Written by Jamie May
If you’re selling to small businesses, read ‘Selling to VITO’ by Anthony Parinello. The whole premise is built around one idea. Find the Very Important Top Officer, the single person with the authority to say yes, and pitch only to them. They can make a yes or no decision in minutes. Everyone else in the organisation is a Seymour because they want to see more.
For small business to small business sales that approach works well. One owner, one decision, one pitch, yes or no.
But when you start moving into medium and large business something changes. There is no single VITO. There’s a committee. A leadership team. A procurement group spread across three time zones that hasn’t been in the same room since 2019. And the person you’re dealing with, however interested and well intentioned, is one voice among several.
That’s when you need advocacy.
What Advocacy Actually Is
Advocacy means teaching someone inside the prospect’s organisation to sell your product or service on your behalf. Not hoping they’ll figure out how to make the case internally. Actually training them to do it. Arming them with the tools they need to sell the product they know the company needs.
Think of it like sales training for someone who isn’t a salesperson. Your internal champion believes in what you do but has no idea how to pitch it to their CFO, navigate their procurement process, or handle the objections that will come up in a room you’ll never be invited into.
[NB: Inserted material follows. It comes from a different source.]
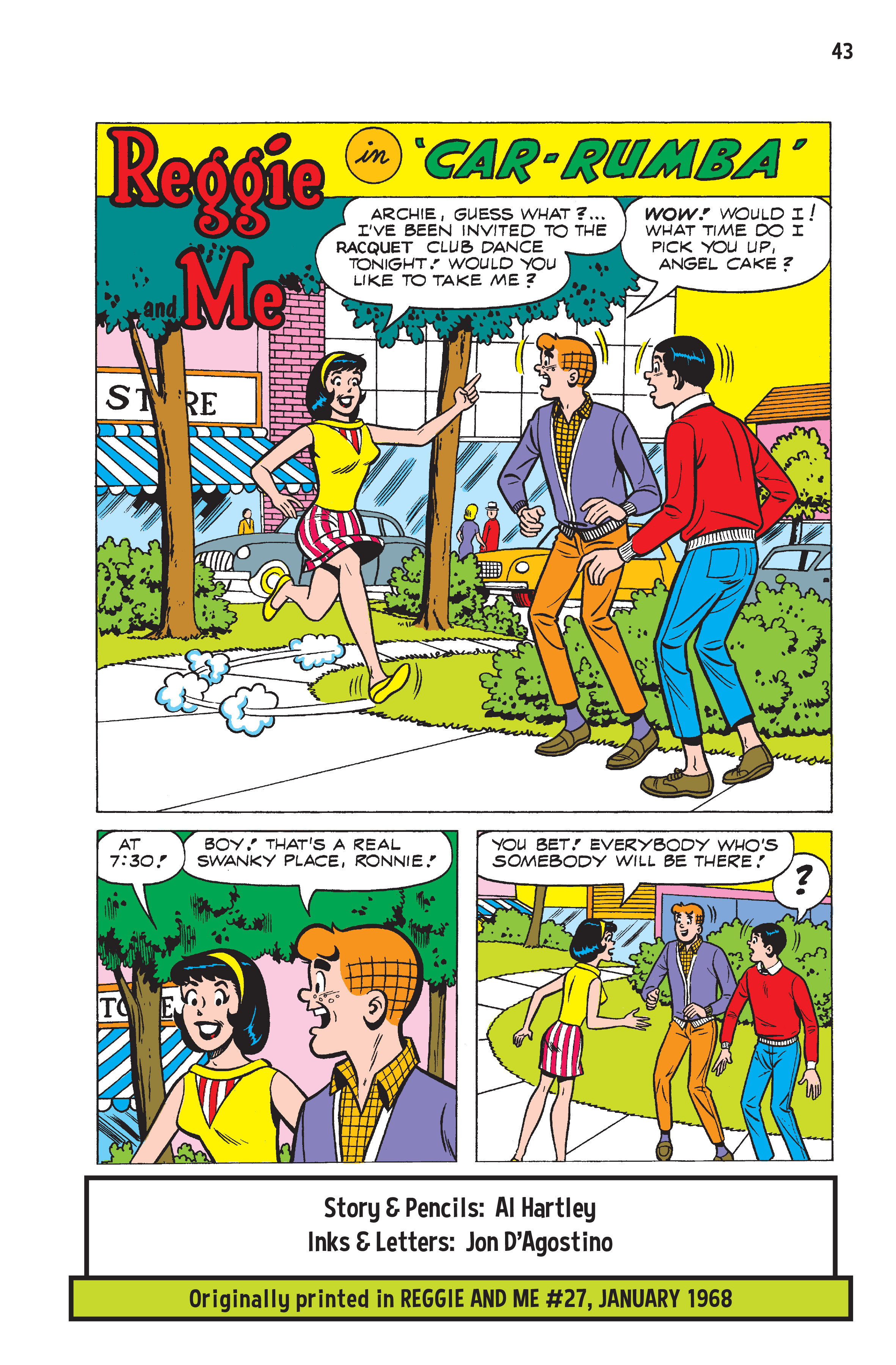 Read online Reggie and Me (2019) comic -  Issue # TPB (Part 1) - 45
Don’t just hope that someone will present your case before the court favourably. Your job is to prepare them for that pitch.
Why It’s More Important Now Than Ever
Lockdown accelerated a trend that was already developing. Decision making teams spread out. Hybrid work made collective decisions harder. Buying committees replaced single sign-off authority across a huge range of medium and large organisations.
The deals that stall are almost always stalling because your champion is walking into an internal conversation underprepared. They want to buy. They just have a spend ceiling.
How to Do It
Understand who else is involved and what each person cares about. Give your champion the language, the numbers and the answers to objections before they face them. Build them a one pager they can circulate that speaks to the decision makers you can’t get in front of directly.
It’s often an interactive back and forth building of a case and can give a salesperson very little control, which can be uncomfortable.
The Takeaway
Small business sales, find the VITO. Medium and above, build an advocate. Help them pitch.